Here's some pre-trained models that work OK out of the box: https://github.com/ppaanngggg/yolo-doclaynet I found that we needed to increase the resolution from ~700px to ~2100px horizontal for financial data segmentation.

VLMs on the other hand still choke on long text and hallucinate unpredictably. Worse they can't understand nested data. If you give _any_ current model nothing harder than three nested rectangles with text under each they will not extract the text correctly. Given that nested rectangles describes every table no VLM can currently extract data from anything but the most straightforward of tables. But it will happily lie to you that it did - after all a mining company should own a dozen bulldozers right? And if they each cost $35.000 it must be an amazing deal they got, right?

replies(2): >>43978106 #>>43982262 #

cess11 ◴[14 May 25 08:35 UTC] No.43982262[source]▶

>>43977112 #

That looks like a pretty good starting point, thanks. I've been dabbling in vision models but need a much higher degree of accuracy than they seem able to provide, opting instead for more traditional techniques and handling errors manually.

replies(1): >>43982432 #

noosphr ◴[14 May 25 09:01 UTC] No.43982432[source]▶

>>43982262 #

For non-table documents a fine tuned yolov8 + tesseract with _good_ image pre-processing has basically a zero percent error rate on monolingual texts. I say basically because the training data has worse labels than what the multi-model system gives out in the cases that I double checked manually.

But no one reads the manual on tesseract and everyone ends up feeding it garbage, with predictable results.

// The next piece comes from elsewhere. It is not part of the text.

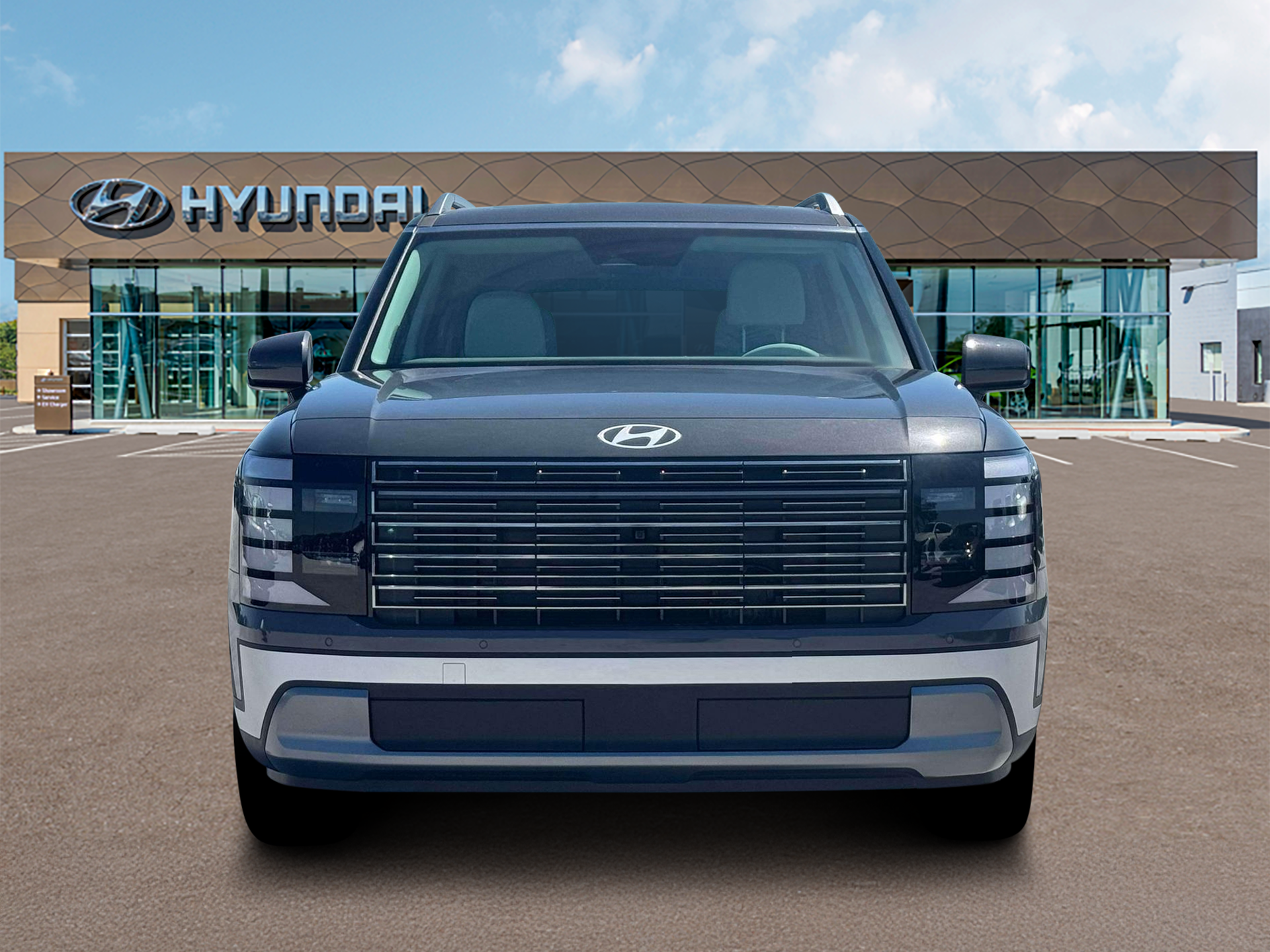 2026 Hyundai PALISADE HYBRID SEL Premium 7 Passenger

Tables are an open research problem.

We started training a custom version of this model: https://arxiv.org/pdf/2309.14962 but there wasn't the business case since the bert search model dealt well enough with the word soup that came out of easy ocr. If you're interested drop a line. I'd love to get a model like that trained since it's very low hanging fruit that no one has done right.

replies(2): >>43983203 #>>44013138 #

1. cess11 ◴[14 May 25 11:29 UTC] No.43983203{3}[source]▶

>>43982432 #

Thanks, that's interesting research, I'll look into it.

↑